Tuesday, November 22, 2011

The Strategy Pattern

While they can be abused in various ways, design patterns are an essential subject to become familiar with, so I'm going to dedicate the next series of articles to design patterns.

First up is the strategy pattern. This pattern is very useful for changing a class's behavior at runtime.
Let's say we have a class that implements some method. The method works great but now we'd like to inherit from that class. The method will be inherited as well and will perform the same function. Any additional class we inherit from the base class will also come with this method. But what if one of our subclass' doesn't implement that method in exactly the same way? Well we could always make the method virtual and override it so it does something else but what if we want the class to sometimes perform the method normally and sometimes do it a little different? Here we would run into some problems.
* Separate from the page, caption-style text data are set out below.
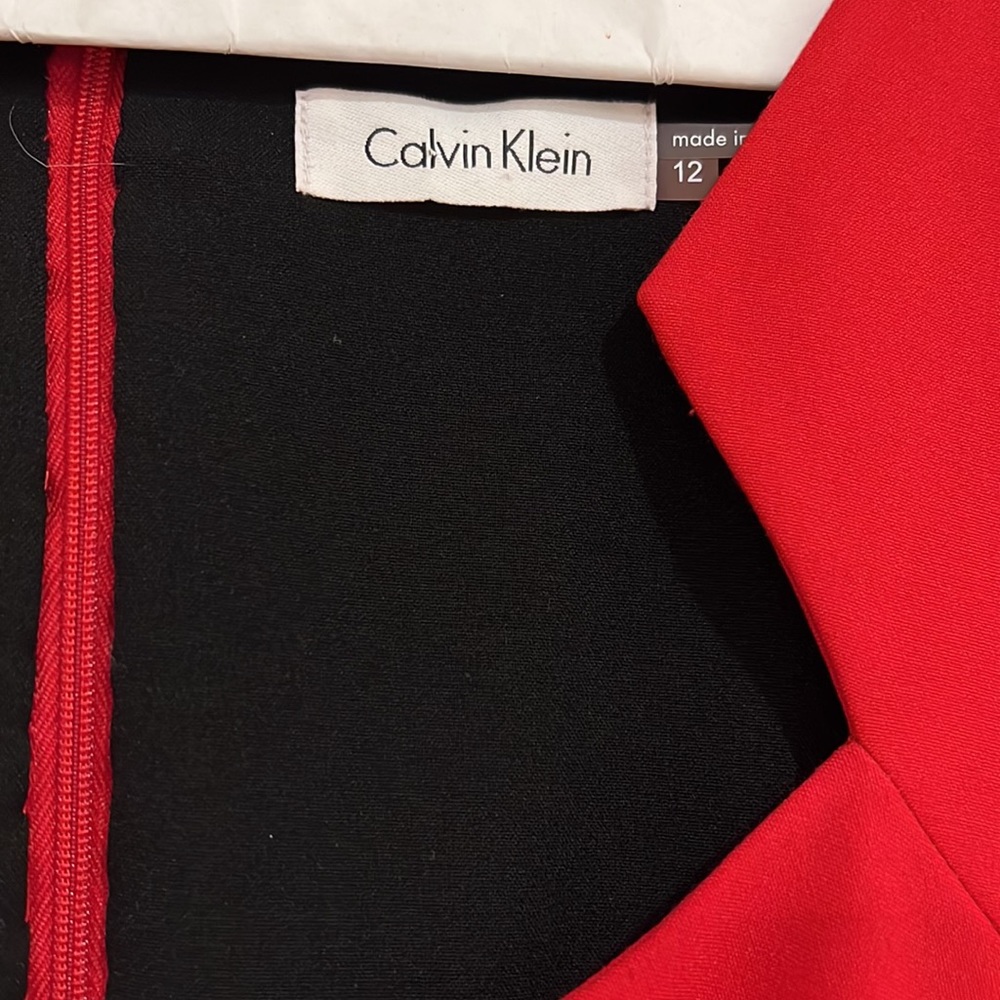 Calvin Klein, Fabulous red dress!!!  Like new condition - Picture 3 of 6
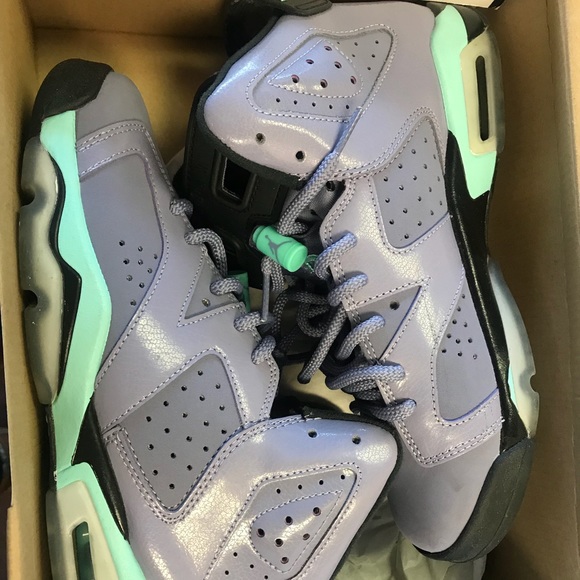 jordan 6s - Picture 1 of 2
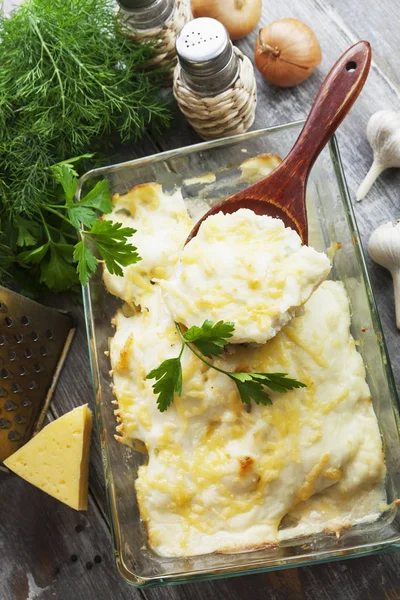 Auflauf mit Fisch und Kartoffeln — Stockfoto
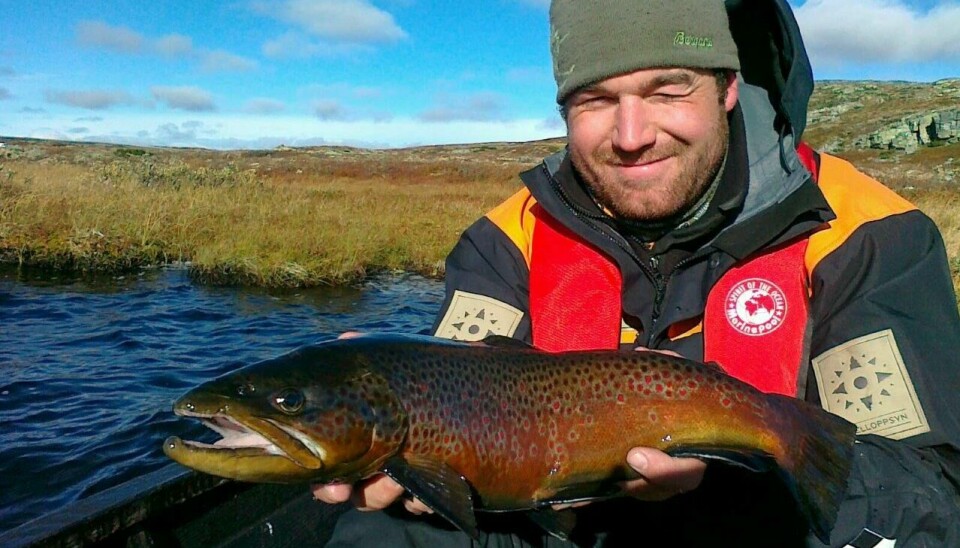 Fjelloppsyn Kristian Hansen med grov ørret under prøvefiske på Åsdalstjønna – 1,5 kg.
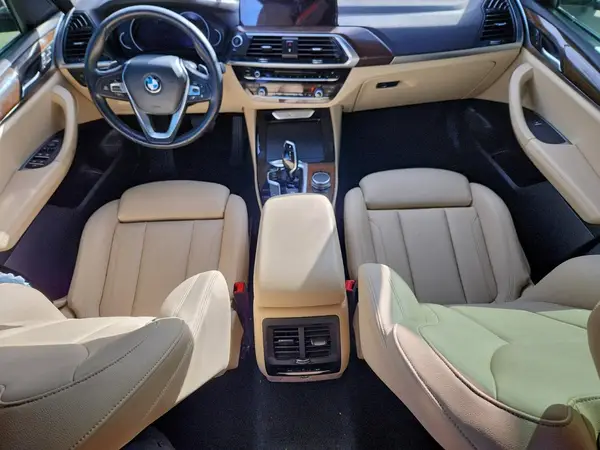 5UXTR7C5XKLF27159 2019 BMW X3 - Image 8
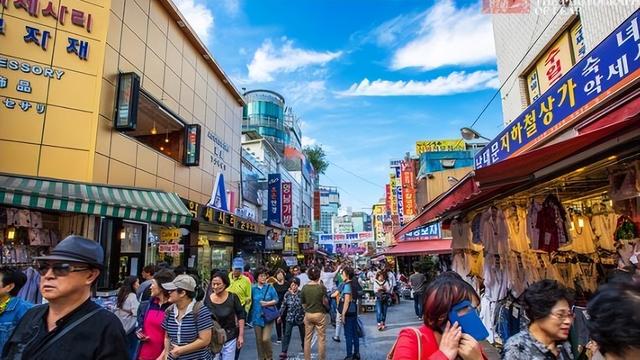 继德国之后，英国也开始贴出“中文标语”？中国游客：不能够接受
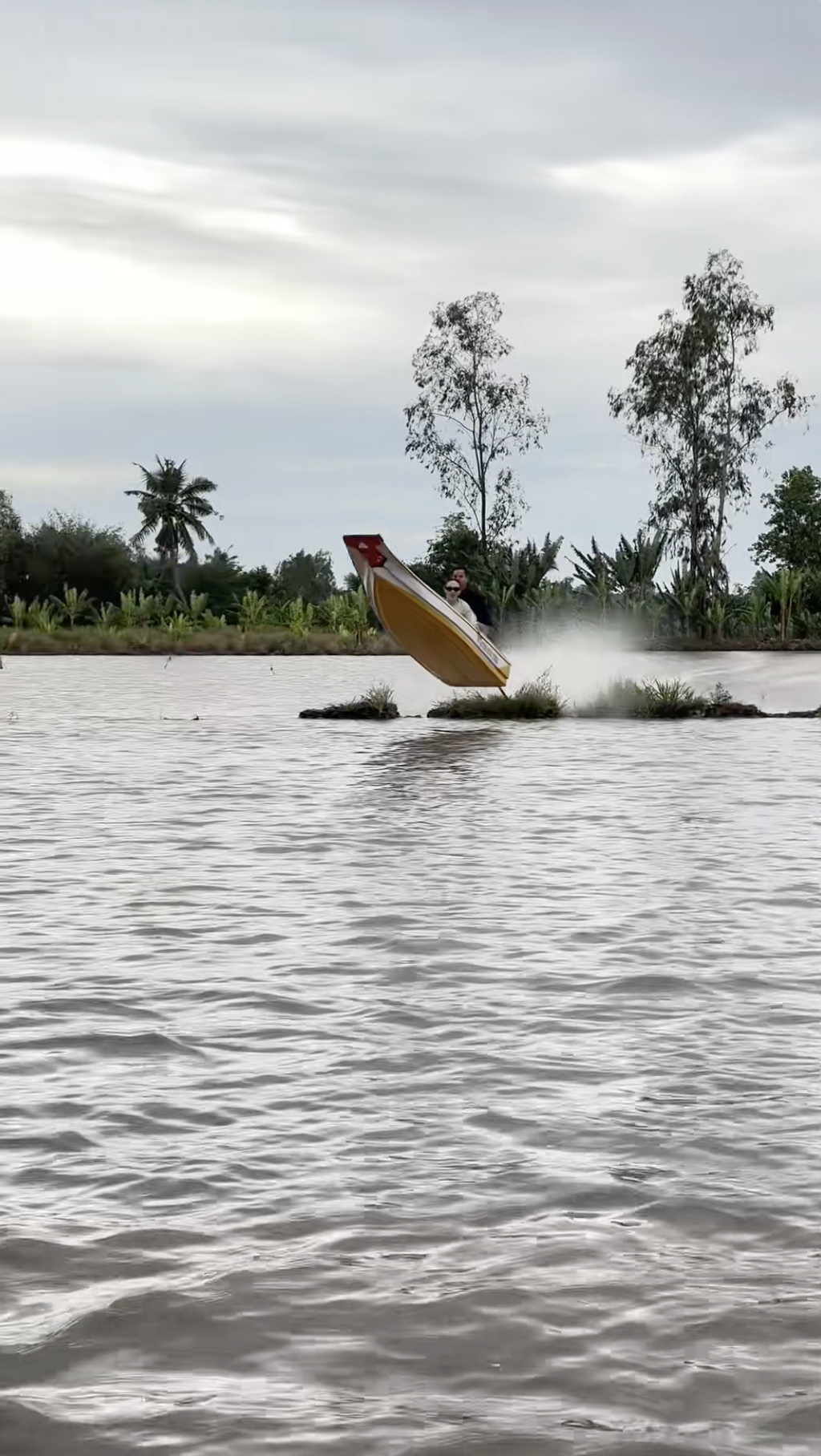 Khách Tây ôm tim trước màn lái võ lãi đẳng cấp tại miền Tây- Ảnh 5.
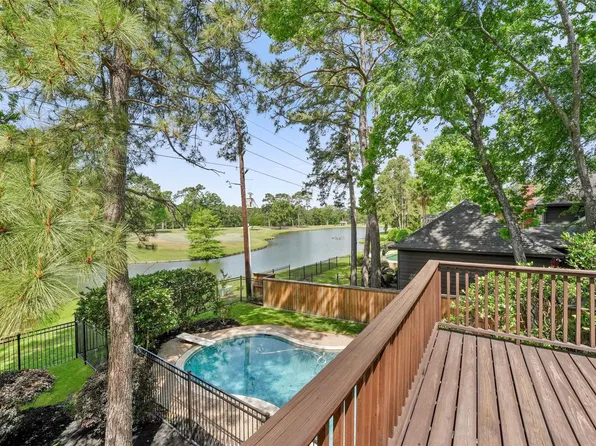 2023 Forest Garden Dr, Kingwood, TX 77345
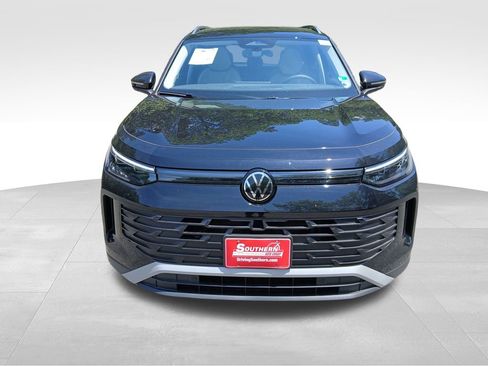 New 2025 Volkswagen Tiguan SE image 8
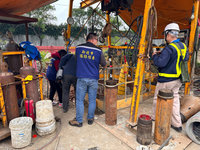 新莊瀰漫臭味查不出源頭  市府清洗疏浚排水溝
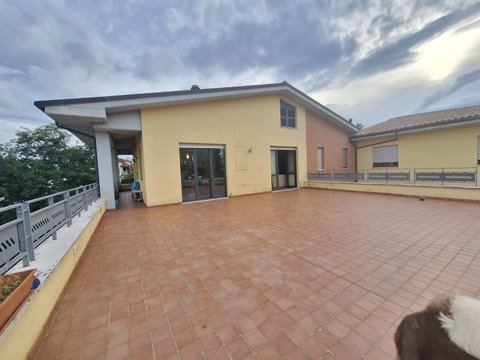 Prima foto dell'immobile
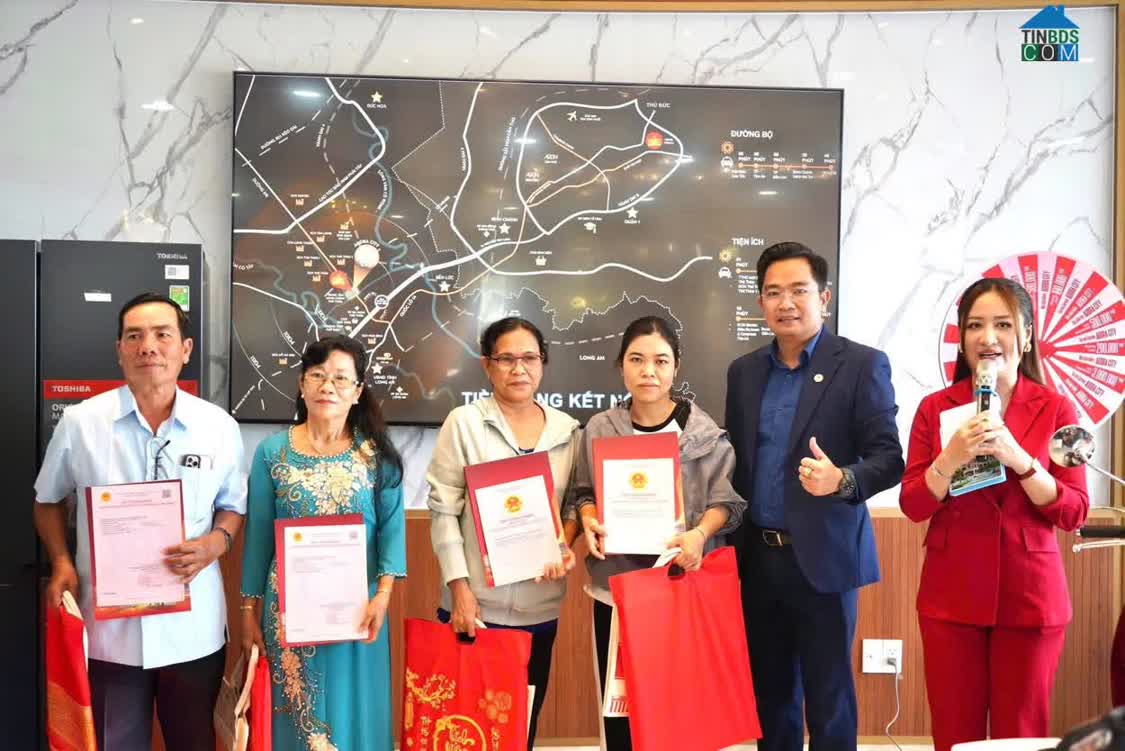 Ảnh Đất nền 108m2 sổ hồng riêng chỉ 1,9 tỷ cửa ngõ khu hành chính Agora City. SƠN 0987449422 0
Let's take a simple example. Consider a Car class that implements a Honk() method. Every subclass of Car will have it's own specific honk sound. This is all very well and good, but what if the owner wants to change the honk sound? What if the owner is a bit eccentric and decides they want a different sound for each day of the week? This quickly becomes a maintenance nightmare.

A way around this is to create an interface or an abstract class containing a method stub for Honk behavior. The interface is meant to encapsulate honking. Any concrete strategy class that inherits from the honking interface can implement its Honk method however it wants. The Car class, in turn, will contain a reference to a honking strategy object. When the Car calls its honking method, the strategy's method is called.
This allows for some flexible car honking behavior because now we can write methods to change one Honk interface for another. During runtime a car object can change how it honks!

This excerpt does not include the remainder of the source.